O Brasil também merecia o seu atlas de lugares lendários: a São Paulo modernista de Macunaíma, a Bahia do cacau de Jorge Amado, o sertão mítico de Guimarães Rosa. Em seu último romance, namorando o realismo fantástico, Erico Verissimo inventou Antares. Seu filho, Luis Fernando Verissimo, arguto cronista da atualidade, comentou recentemente sobre utopias e distopias. No artigo "Sob o Edredom", escreveu: "George Orwell não foi, afinal, um mau profeta, foi apenas um profeta apressado. A sociedade controlada por um Big Brother que tudo vê e tudo sabe, que Orwell previu para 1984, só começou a existir, com os avanços da bisbilhotice eletrônica, há pouco tempo. Hoje sabemos que tudo que mandamos por e-mail ou falamos pelo telefone, mesmo que seja apenas a notícia do furúnculo da vovó, pode estar sendo monitorado." Na crônica "Utopias e Distopias" afirma: "Todas as utopias imaginadas até hoje acabaram em distopias, ou tinham na sua origem um defeito que as condenava. A primeira, que deu nome às várias fantasias de um mundo perfeito que viriam depois, foi inventada por Sir Thomas Morus em 1516. Dizem que ele se inspirou nas descobertas recentes do Novo Mundo, mais especificamente do Brasil, para descrever sua sociedade ideal, que significaria um renascimento para a humanidade, livre dos vícios do mundo antigo."

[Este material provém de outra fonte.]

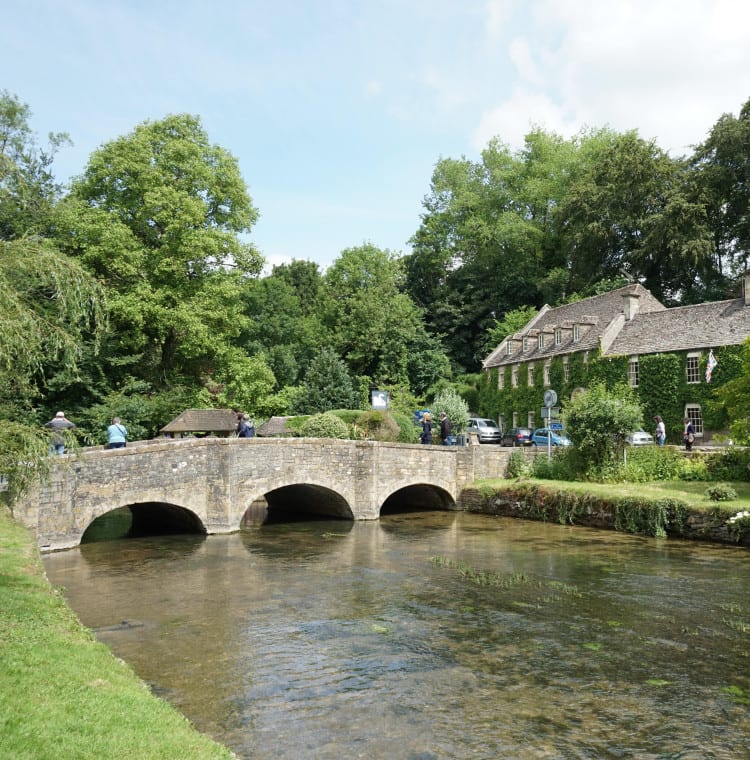 Things to do in the Cotswolds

Por mim, só embarco em utopia com larga dose de humor. Como a Pasárgada do poema de Manuel Bandeira: "Vou me embora pra Pasárgada/ Lá sou amigo do Rei/ Lá tenho a mulher que eu quero/ Na cama que escolherei." E a Maracangalha de Dorival Caymmi, que não fica muito longe também, e onde a felicidade suprema prescinde até de companhia: "Eu vou prá Maracangalha/ Eu vou!/ Eu vou de uniforme branco/ Eu vou!/ Eu vou de chapéu de palha/ Eu vou!/ Eu vou convidar Anália/ Eu vou!/ Se Anália não quiser ir/ Eu vou só!/ Eu vou só sem Anália/ Mas eu vou!"

A ilusão lendária

Umberto Eco nasceu em Alessandria, no Piemonte. Mas, como Mussolini ocupou a africana Abissínia entre 1936 e 1941, alguns acreditam que ele nasceu em Alexandria, no Egito, a cidade da famosa biblioteca antiga. Uma grande revista nacional deu até o autor como "nascido numa cidade cercada de lendas, Alexandria...". Eco acredita que a ficção fornece uma realidade que nem a realidade concreta é capaz de superar: "O mundo da narrativa é o único universo onde podemos estar absolutamente seguros de uma coisa e que oferece uma ideia forte de Verdade." Confiram neste delicioso trecho do novo livro:

"Sabemos muitíssimo bem que existe um mundo real, no qual aconteceu a Segunda Guerra Mundial e o homem chegou à Lua e que existem também os mundos possíveis da nossa imaginação, no qual existiram e existem Branca de Neve e Harry Potter, o inspetor Maigret e madame Bovary. Ao aderir ao contrato ficcional, decidindo levar a sério um mundo possível narrativo, temos de aceitar que Branca de Neve foi despertada de sua letargia por um Príncipe Encantado, que Maigret mora em Paris, no boulevard Richard Lenoir, que Harry Potter fez seus estudos de magia em Hogwarts, que madame Bovary tomou veneno. E se alguém dissesse que Branca de Neve nunca despertou de seu sono, que Maigret mora no boulevard de la Poissonière, que Harry Potter estudou em Cambridge e que madame Bovary foi salva in extremis por um antídoto aplicado pelo marido, receberia nossos protestos (e talvez fosse reprovado numa prova de literatura comparada)."